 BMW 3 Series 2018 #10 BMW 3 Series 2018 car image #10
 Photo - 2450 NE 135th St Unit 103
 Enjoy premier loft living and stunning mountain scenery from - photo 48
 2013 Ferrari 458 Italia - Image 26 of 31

============================================================

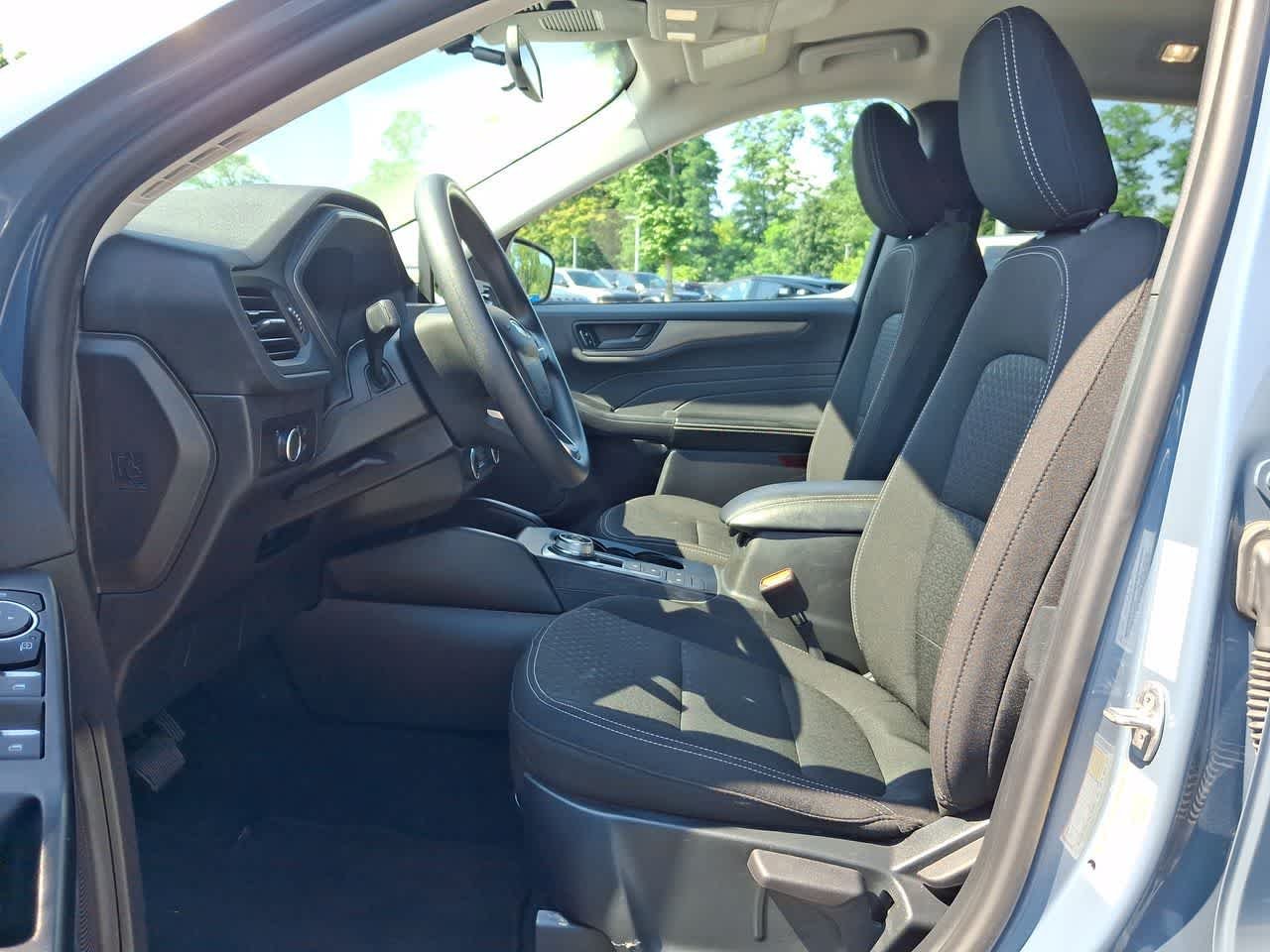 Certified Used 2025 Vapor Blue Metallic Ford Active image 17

============================================================

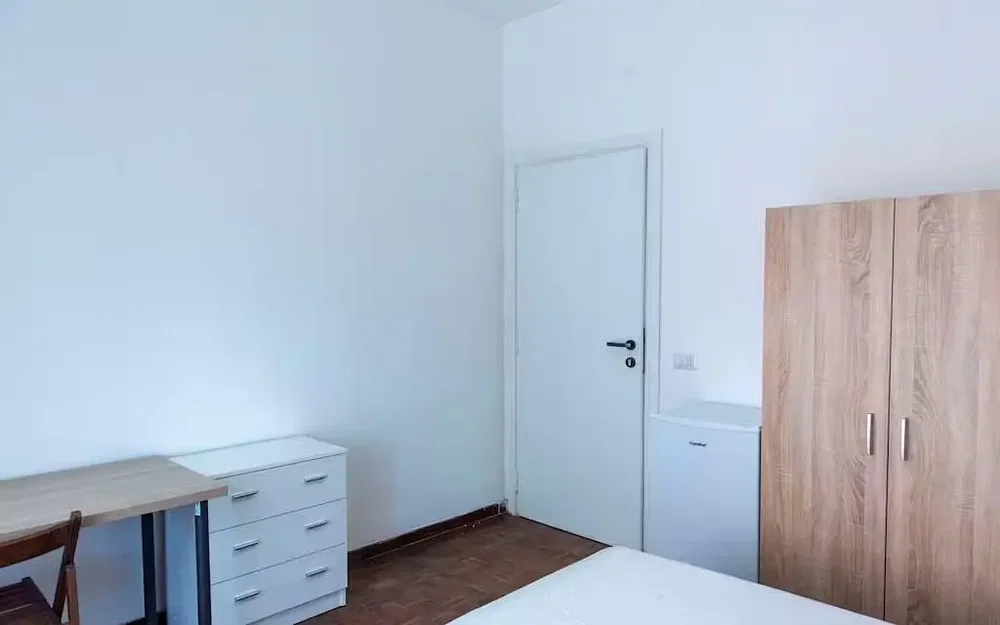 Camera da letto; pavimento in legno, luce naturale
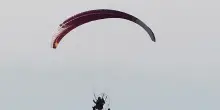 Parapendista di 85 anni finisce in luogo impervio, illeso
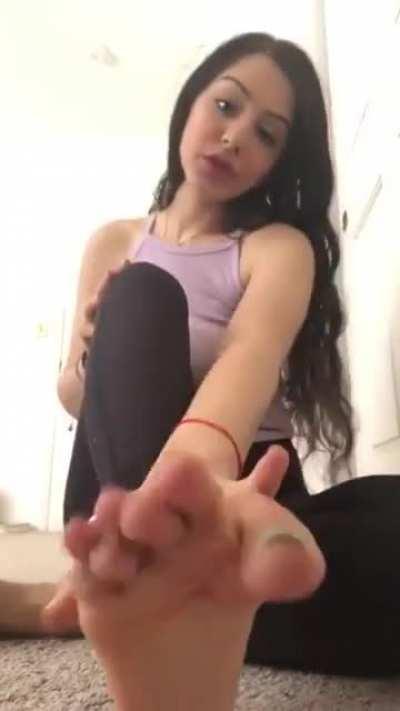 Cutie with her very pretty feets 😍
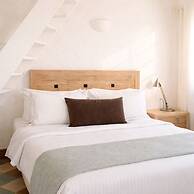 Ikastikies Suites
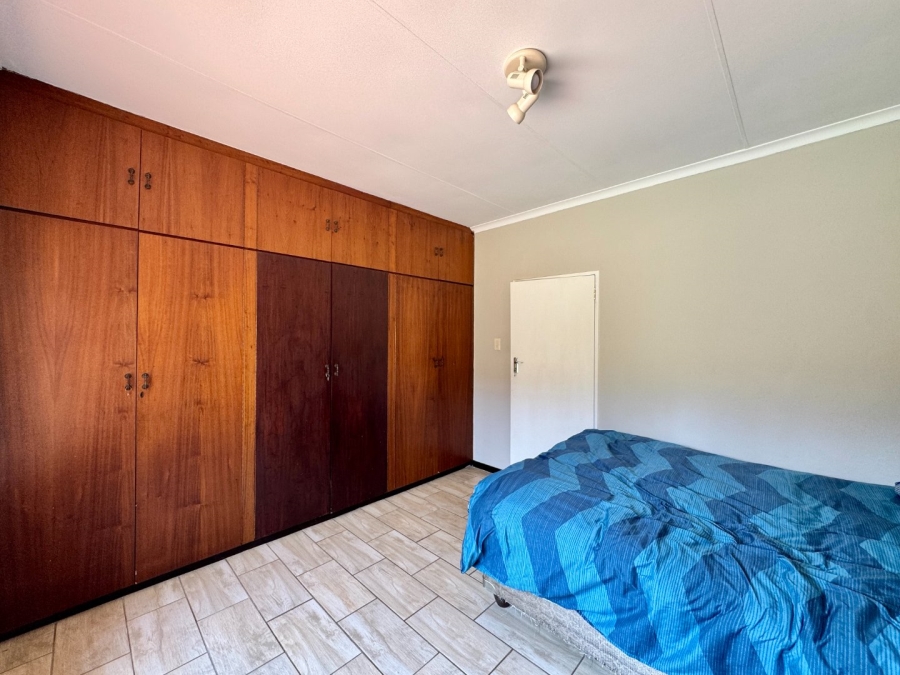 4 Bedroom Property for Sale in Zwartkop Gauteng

============================================================

ASSIGNMENT
Look above for the line with "Cutie with her very pretty feets 😍" and copy exactly from it through the line with "4 Bedroom Property", both included. Omit the pictures.

SOLUTION BELOW
 Cutie with her very pretty feets 😍
 Ikastikies Suites
 4 Bedroom Property for Sale in Zwartkop Gauteng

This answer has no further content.